Friction during the mixing of the old sand as well as during the casting process results in the finest quartz particles, which mix with bond clay in the old sand and bond into so-called micropellets with a grain size of less than 2 mm. These micropellets are difficult to confine due to mechanical regeneration conditions and therefore remain in the regenerate (6). A subsequent magnetic separation (7) sorts it out of the regenerate and improves the properties of the regenerated sand flow (8). Pilot tests have also shown an increase of 25-30% in core strength here. The separated residual dust stream (9) can be discarded or recycled back into the regeneration cycle.

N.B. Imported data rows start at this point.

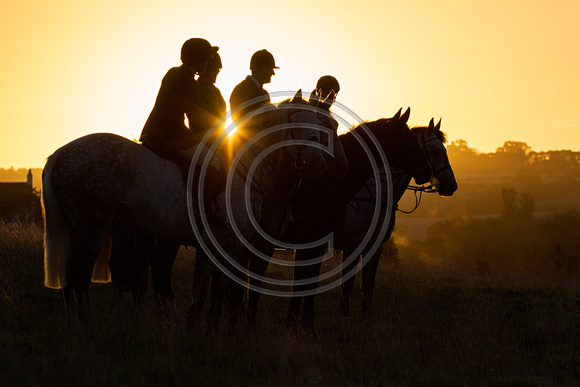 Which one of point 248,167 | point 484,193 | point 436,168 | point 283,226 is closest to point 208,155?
point 248,167

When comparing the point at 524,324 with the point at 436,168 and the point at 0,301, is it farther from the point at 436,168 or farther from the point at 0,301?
the point at 0,301

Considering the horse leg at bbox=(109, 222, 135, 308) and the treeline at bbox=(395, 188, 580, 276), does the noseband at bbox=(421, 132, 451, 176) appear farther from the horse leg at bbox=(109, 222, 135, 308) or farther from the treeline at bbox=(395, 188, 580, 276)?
the treeline at bbox=(395, 188, 580, 276)

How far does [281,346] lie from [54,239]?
3047mm

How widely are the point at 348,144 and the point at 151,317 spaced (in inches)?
162

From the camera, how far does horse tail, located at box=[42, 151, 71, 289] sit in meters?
6.99

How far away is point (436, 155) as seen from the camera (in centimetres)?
1025

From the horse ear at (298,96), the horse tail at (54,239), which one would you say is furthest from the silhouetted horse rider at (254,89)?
the horse tail at (54,239)

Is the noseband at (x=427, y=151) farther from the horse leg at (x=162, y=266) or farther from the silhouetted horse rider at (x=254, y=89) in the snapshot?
the horse leg at (x=162, y=266)

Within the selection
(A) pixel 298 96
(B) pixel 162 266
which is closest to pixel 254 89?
(A) pixel 298 96

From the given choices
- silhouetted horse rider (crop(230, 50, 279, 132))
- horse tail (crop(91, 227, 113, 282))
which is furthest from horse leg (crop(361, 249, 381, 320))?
horse tail (crop(91, 227, 113, 282))

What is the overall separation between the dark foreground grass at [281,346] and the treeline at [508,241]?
5915 centimetres

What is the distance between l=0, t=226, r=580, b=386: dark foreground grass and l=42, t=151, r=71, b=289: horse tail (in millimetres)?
647

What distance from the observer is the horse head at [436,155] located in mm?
10234

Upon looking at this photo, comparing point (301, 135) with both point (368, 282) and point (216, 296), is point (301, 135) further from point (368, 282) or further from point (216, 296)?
point (368, 282) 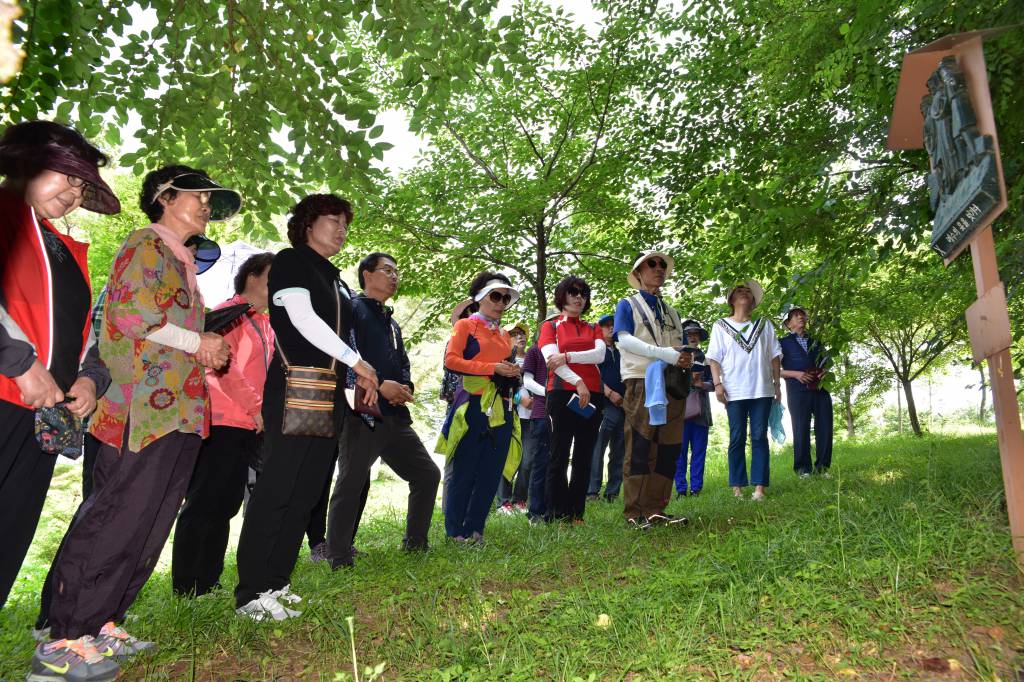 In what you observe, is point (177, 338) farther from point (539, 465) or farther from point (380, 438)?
point (539, 465)

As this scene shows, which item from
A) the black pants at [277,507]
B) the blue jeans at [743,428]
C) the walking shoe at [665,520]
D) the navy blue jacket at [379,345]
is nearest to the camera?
the black pants at [277,507]

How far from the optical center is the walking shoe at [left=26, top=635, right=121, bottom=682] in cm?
297

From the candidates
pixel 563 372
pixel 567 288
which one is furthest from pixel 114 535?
pixel 567 288

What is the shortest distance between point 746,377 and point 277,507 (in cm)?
538

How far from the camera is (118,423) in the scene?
3238 millimetres

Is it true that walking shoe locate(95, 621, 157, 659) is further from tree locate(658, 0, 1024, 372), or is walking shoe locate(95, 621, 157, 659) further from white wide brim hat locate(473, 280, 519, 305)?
tree locate(658, 0, 1024, 372)

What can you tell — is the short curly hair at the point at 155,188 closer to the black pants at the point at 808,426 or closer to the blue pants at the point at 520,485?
the blue pants at the point at 520,485

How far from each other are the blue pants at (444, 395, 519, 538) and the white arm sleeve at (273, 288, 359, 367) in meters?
2.17

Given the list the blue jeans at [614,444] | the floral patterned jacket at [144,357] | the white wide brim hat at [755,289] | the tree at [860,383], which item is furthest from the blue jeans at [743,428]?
the tree at [860,383]

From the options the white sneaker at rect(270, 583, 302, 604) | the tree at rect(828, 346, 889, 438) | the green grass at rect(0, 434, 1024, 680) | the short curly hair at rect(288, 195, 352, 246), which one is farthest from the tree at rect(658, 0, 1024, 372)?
the tree at rect(828, 346, 889, 438)

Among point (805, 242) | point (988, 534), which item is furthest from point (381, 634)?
→ point (805, 242)

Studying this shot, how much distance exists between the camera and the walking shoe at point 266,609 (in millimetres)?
3789

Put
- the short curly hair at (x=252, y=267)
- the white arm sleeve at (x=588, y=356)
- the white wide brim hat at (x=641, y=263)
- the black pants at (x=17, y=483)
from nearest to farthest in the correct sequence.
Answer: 1. the black pants at (x=17, y=483)
2. the short curly hair at (x=252, y=267)
3. the white wide brim hat at (x=641, y=263)
4. the white arm sleeve at (x=588, y=356)

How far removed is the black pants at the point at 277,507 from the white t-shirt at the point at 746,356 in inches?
200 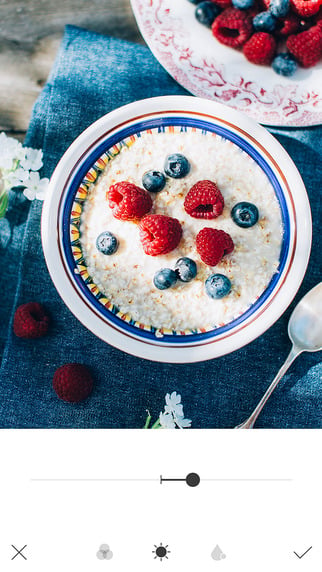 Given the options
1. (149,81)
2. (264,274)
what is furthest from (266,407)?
(149,81)

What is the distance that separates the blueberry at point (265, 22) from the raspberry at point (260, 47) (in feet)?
0.04

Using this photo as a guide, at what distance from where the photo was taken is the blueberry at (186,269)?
43.4 inches

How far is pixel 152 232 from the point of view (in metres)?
1.08

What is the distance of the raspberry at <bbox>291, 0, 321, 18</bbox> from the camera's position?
4.00 feet

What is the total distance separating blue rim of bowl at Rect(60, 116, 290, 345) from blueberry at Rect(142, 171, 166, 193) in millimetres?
112

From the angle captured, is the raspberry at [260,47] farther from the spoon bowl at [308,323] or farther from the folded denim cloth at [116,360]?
the spoon bowl at [308,323]

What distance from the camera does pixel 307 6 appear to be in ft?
4.02

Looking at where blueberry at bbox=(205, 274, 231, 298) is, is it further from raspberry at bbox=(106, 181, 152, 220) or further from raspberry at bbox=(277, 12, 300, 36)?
raspberry at bbox=(277, 12, 300, 36) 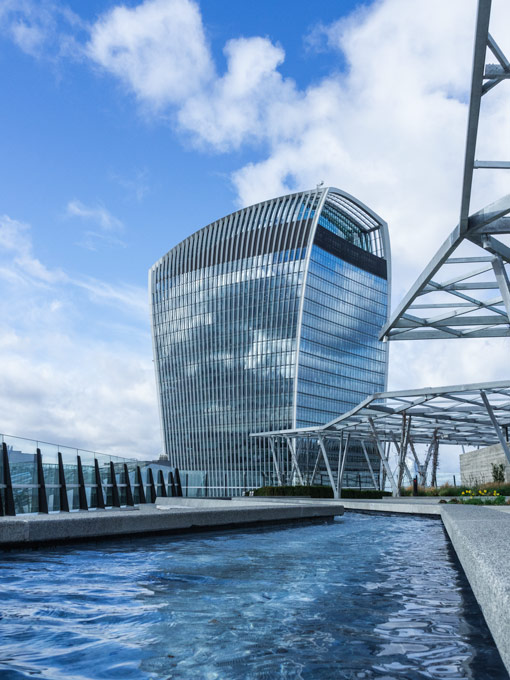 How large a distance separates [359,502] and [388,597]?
2324 cm

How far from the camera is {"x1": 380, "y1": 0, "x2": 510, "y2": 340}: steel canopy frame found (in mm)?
8242

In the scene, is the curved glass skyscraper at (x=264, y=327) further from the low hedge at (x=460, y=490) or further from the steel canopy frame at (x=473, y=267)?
the steel canopy frame at (x=473, y=267)

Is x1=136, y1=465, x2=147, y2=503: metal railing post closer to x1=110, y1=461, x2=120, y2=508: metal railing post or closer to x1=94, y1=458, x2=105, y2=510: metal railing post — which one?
x1=110, y1=461, x2=120, y2=508: metal railing post

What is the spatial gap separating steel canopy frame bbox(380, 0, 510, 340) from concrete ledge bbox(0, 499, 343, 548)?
6210mm

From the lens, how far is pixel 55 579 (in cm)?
723

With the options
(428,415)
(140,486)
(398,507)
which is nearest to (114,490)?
(140,486)

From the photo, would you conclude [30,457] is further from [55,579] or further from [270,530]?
[55,579]

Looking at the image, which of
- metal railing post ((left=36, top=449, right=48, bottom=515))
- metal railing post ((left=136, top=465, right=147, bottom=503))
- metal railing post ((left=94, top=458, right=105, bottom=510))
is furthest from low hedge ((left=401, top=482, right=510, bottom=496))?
metal railing post ((left=36, top=449, right=48, bottom=515))

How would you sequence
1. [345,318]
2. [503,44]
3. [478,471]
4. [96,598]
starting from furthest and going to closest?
[345,318] < [478,471] < [503,44] < [96,598]

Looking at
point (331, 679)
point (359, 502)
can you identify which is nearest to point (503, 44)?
point (331, 679)

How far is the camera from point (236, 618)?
5.23 meters

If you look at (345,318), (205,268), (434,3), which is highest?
(205,268)

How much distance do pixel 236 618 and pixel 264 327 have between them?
84.7 metres

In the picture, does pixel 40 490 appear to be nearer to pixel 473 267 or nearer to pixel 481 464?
pixel 473 267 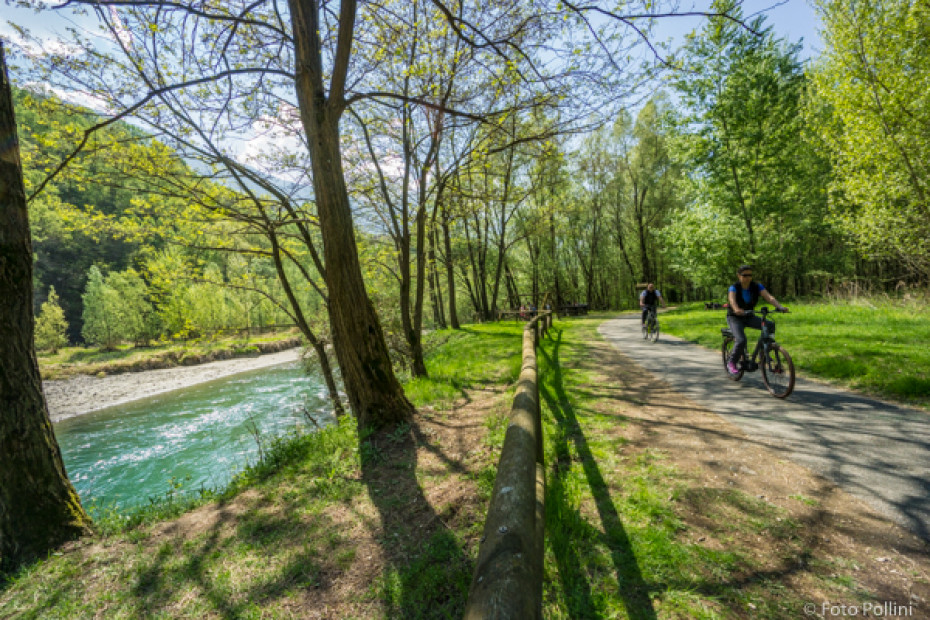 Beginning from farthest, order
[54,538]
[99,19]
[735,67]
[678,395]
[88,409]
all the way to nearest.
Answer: [735,67] → [88,409] → [678,395] → [99,19] → [54,538]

A further application possibility is the purification of the circulating molding sand (1) by high-performance magnets. The already burnt bentonite particles, the bentonite which is no longer binding, and the residues of exothermic feed are entrained as magnetic parts.

An additional option is the cleaning of the new sand used in the foundry. In particular, countries with as little industrial development stage often have new sand reprocessing plants with insufficient treatment steps. As a result, when preparing cores with poorly worked up new sand, up to 30% increased synthetic resin binders must be used.

By separating the new sand (1) over high-performance magnets (2) into a magnetic fraction (4) and a non-magnetic fraction (3), the cleaned non-magnetic fraction (3) can be used directly as core sand, with a smaller amount of binder of up to 30%.

Claims (8)

Method of regenerating old foundry sand with weak magnetic content, characterized in that the old sand stream, which contains at most a molding sand content of 65%, over one or more high performance magnets in at least two distribution streams are subdivided and the less magnetic distribution stream with smaller amounts of bentonite is regenerated. Method according to claim 1, characterized in that the distribution stream with the smaller amount of bentonite is subjected to a mechanical and / or pneumatic and / or thermal regeneration. A method according to claim 1, characterized in that the starting sand is separated over a high performance magnet with a deposition speed of at least 0.2 to 1.0 m / sec. Method according to claim 1, characterized in that a combination or separate steps of comminuting, sieving, selecting, drying are connected to the magnetic step. Process according to claim 1, characterized in that the molding characteristics of the sludge content and / or methylene blue value and / or electrical conductivity, measured in the eluate of the material and / or degree of olitization, in the magnetic fraction are at least 1.3- times the values of the sand in the non-magnetic fraction. Method according to claim 1, characterized in that the weight fraction of the magnetic fraction does not exceed 40% of the starting sand amount. Method according to claim 1, characterized in that the non-magnetic distribution current is recycled directly into the molding sand cycle instead of a regeneration and the magnetic distribution current is discharged from the molding sand cycle. Method according to claim 1, characterized in that already the new sand entering the old foundry sand is separated over a high-performance magnet and the magnetic distribution current is discharged.